*** RECORDS TO PROCESS Section Begins ***

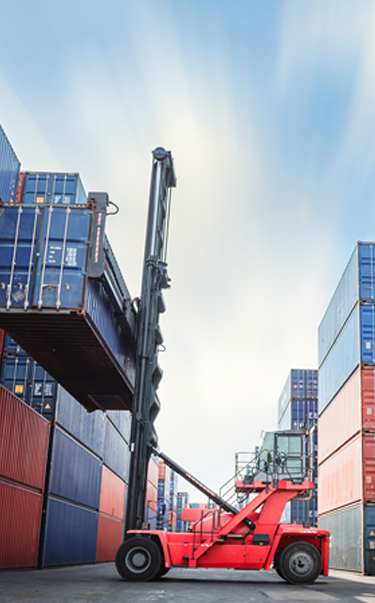company formation in hamriyah free zone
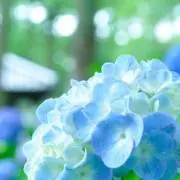 hana＊hanaの画像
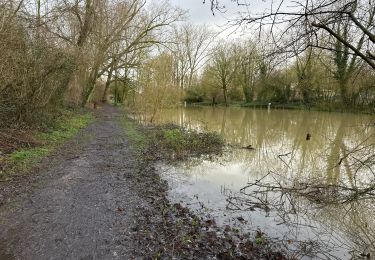 Trail Walking Erquinghem-Lys - Erquinghen-Lys inondations 12 km - Photo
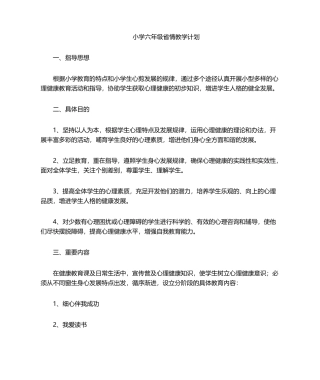 2025年省情教学计划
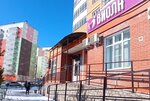 Pokrovsky House (Dmitriya Martynova Street, 43) ، شركة الإدارة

*** RECORDS TO PROCESS Section Ends ***

## YOUR GOAL
Apart from the pictures, repeat every entry exactly.

## COMPLETED TASK
company formation in hamriyah free zone
 hana＊hanaの画像
 Trail Walking Erquinghem-Lys - Erquinghen-Lys inondations 12 km - Photo
 2025年省情教学计划
 Pokrovsky House (Dmitriya Martynova Street, 43) ، شركة الإدارة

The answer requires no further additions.